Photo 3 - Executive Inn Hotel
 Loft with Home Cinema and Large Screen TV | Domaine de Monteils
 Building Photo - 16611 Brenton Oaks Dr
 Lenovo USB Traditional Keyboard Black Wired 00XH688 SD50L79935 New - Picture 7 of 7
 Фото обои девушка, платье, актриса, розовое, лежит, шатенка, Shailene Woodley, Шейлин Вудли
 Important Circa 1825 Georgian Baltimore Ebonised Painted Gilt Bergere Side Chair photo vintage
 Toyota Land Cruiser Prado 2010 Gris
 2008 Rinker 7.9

AIM OF THE TASK
Please copy, exactly as written, every line in the listing above from the line with "Loft with Home" up to and including the line with "Lenovo USB Traditional".

ANSWER FOR THIS EXERCISE
 Loft with Home Cinema and Large Screen TV | Domaine de Monteils
 Building Photo - 16611 Brenton Oaks Dr
 Lenovo USB Traditional Keyboard Black Wired 00XH688 SD50L79935 New - Picture 7 of 7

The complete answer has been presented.